(Caption-style text data)
*****

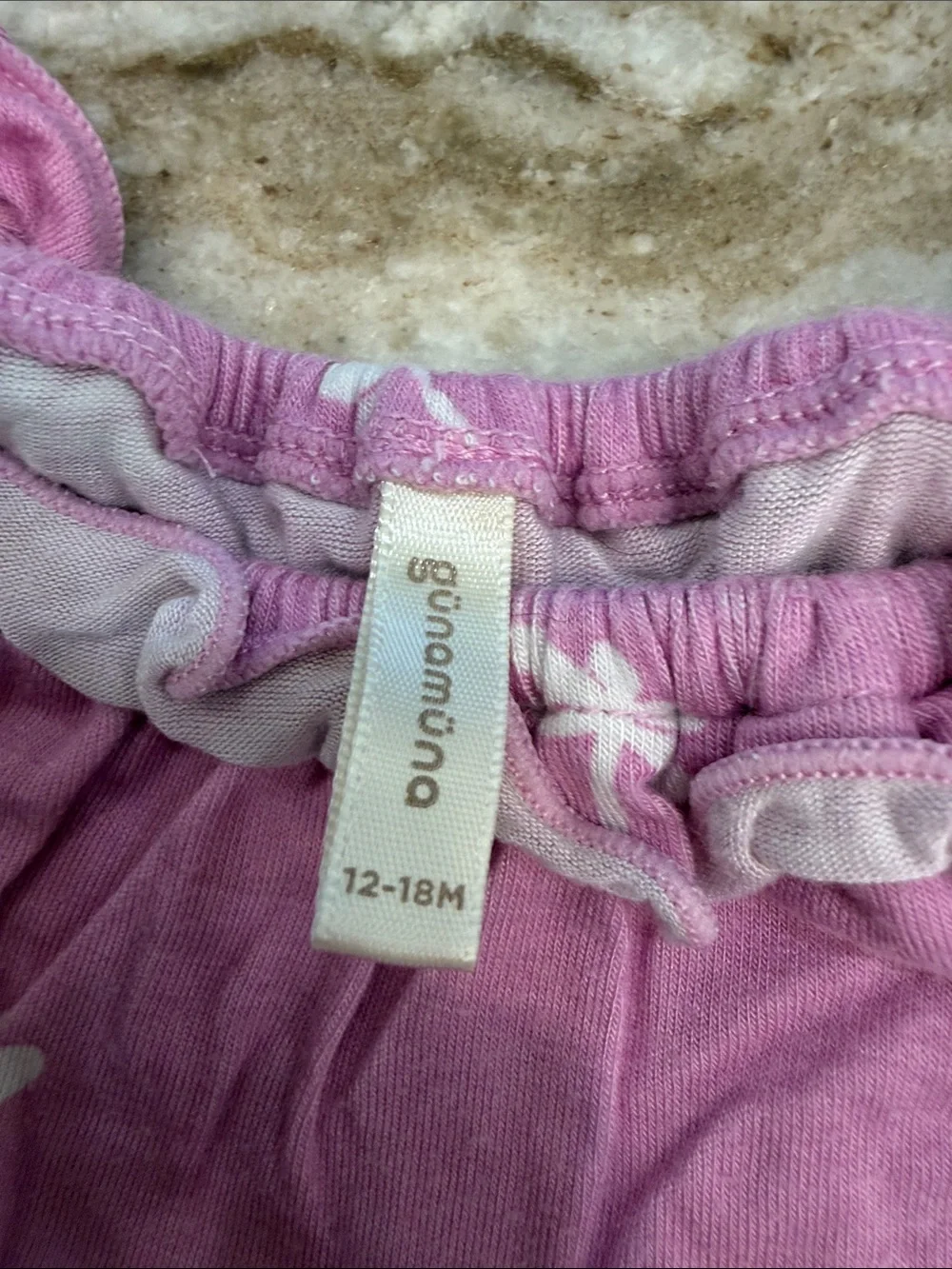 Gunamuna zipper romper size 12-18m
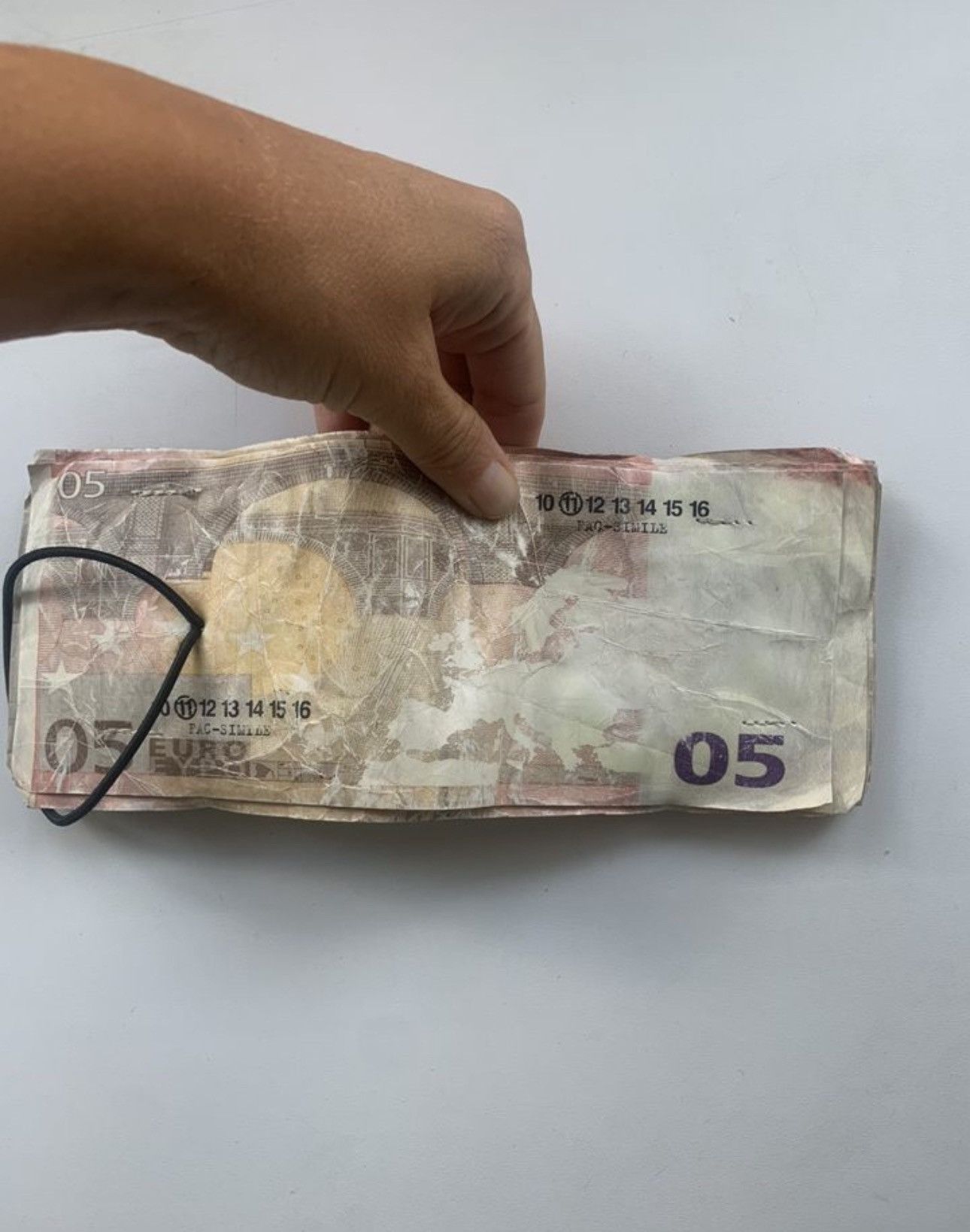 Maison Margiela × Vintage Maison Margiela "Euro Bill" Wallet 2008 Size ONE SIZE - 3 Thumbnail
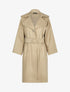 Manteau oversize en feutrine - Taupe - 1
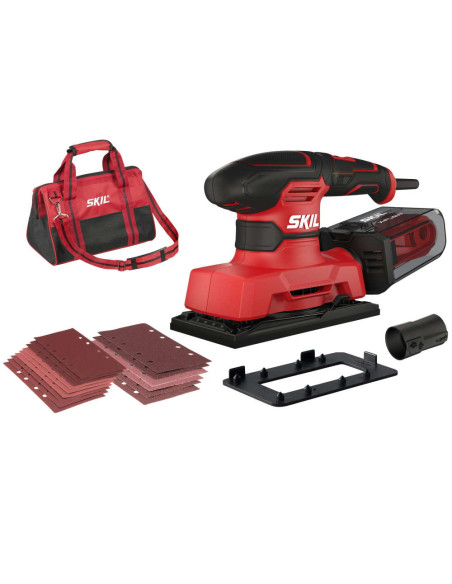 SKIL 7362 DA, Slefuitor cu vibratii SR1E7362DA, 14000-26000 rpm, 280W, + geanta si accesorii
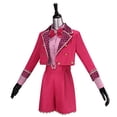 thumbnail image 5 of Rise of Red Halloween Cosplay, Pink Princess Dress Halloween Costumes, Long Sleeve Pink Outfit with Gloves Belt, for Cosplay Party Masquerade, 110, 5 of 7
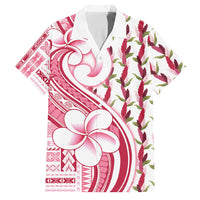 Samoa Teuila Family Matching Off The Shoulder Long Sleeve Dress and Hawaiian Shirt White Samoan Siapo Motifs LT05 Dad's Shirt - Short Sleeve White - Polynesian Pride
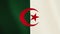 Algeria flag waving animation. Full Screen. Symbol of the country.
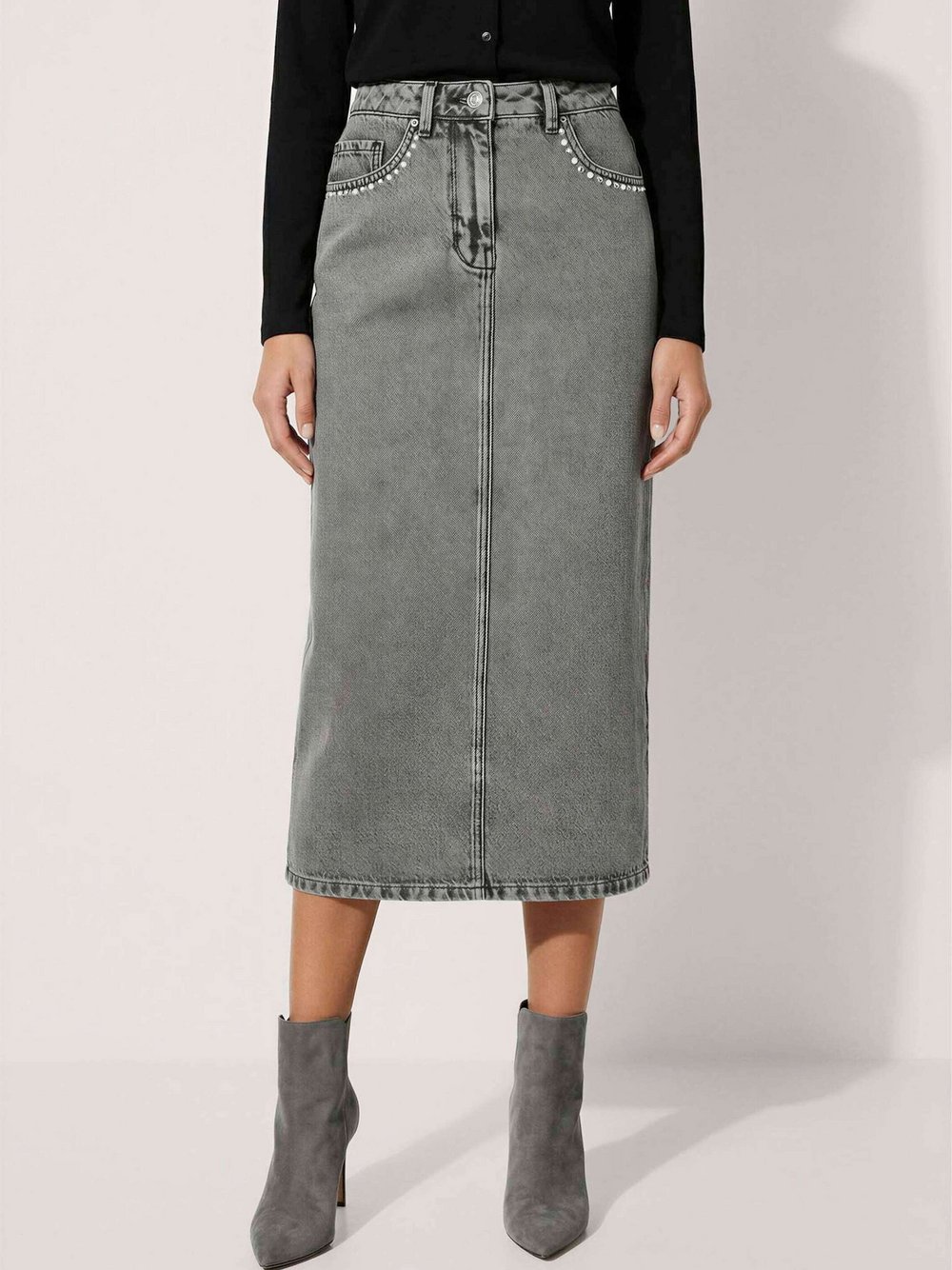 Madeleine Langer Rock Damen grau, 42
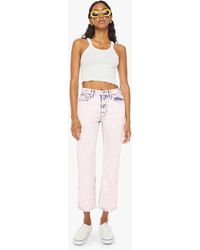 Mother - High Waisted Rider Ankle Paint On My Palette Jeans - Lyst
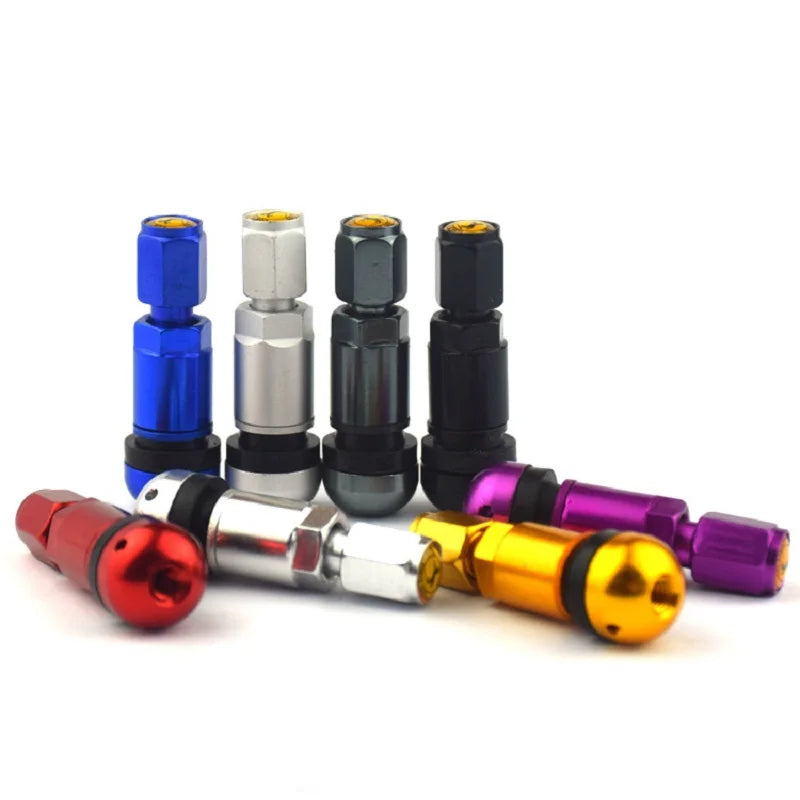 Aluminum Alloy Tubeless Tire Valve Stems 4pcs
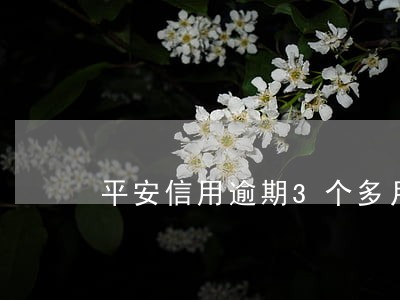 平安信用逾期3个多月会上门吗 平安信用逾期3个多月会上门吗
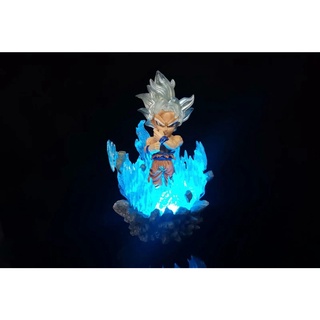 ฟิกเกอร์ Super Saiyan Extremely Skillful.Goku Mini Silver Luminous Version Q Version ของเล่นสําหรับเด็ก❤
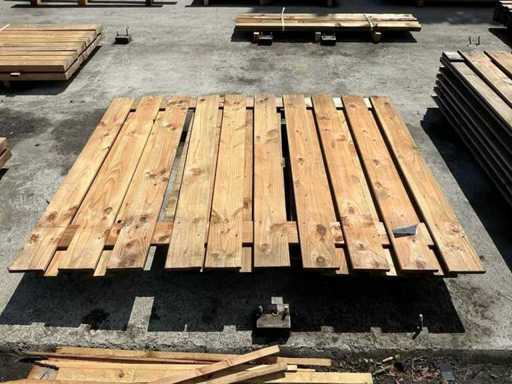 Schermo da giardino Douglas 21 assi 180x180 cm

*****

ACTIVITY: Reproduce the data exactly as it appears above. Pictures are to be left out.

ANSWER TO THE PROBLEM:
 Gunamuna zipper romper size 12-18m
 Maison Margiela × Vintage Maison Margiela "Euro Bill" Wallet 2008 Size ONE SIZE - 3 Thumbnail
 Manteau oversize en feutrine - Taupe - 1
 SKIL 7362 DA, Slefuitor cu vibratii SR1E7362DA, 14000-26000 rpm, 280W, + geanta si accesorii
 thumbnail image 5 of Rise of Red Halloween Cosplay, Pink Princess Dress Halloween Costumes, Long Sleeve Pink Outfit with Gloves Belt, for Cosplay Party Masquerade, 110, 5 of 7
 Samoa Teuila Family Matching Off The Shoulder Long Sleeve Dress and Hawaiian Shirt White Samoan Siapo Motifs LT05 Dad's Shirt - Short Sleeve White - Polynesian Pride
 Algeria flag waving animation. Full Screen. Symbol of the country.
 Madeleine Langer Rock Damen grau, 42
 Mother - High Waisted Rider Ankle Paint On My Palette Jeans - Lyst
 Aluminum Alloy Tubeless Tire Valve Stems 4pcs
 平安信用逾期3个多月会上门吗 平安信用逾期3个多月会上门吗
 ฟิกเกอร์ Super Saiyan Extremely Skillful.Goku Mini Silver Luminous Version Q Version ของเล่นสําหรับเด็ก❤
 Schermo da giardino Douglas 21 assi 180x180 cm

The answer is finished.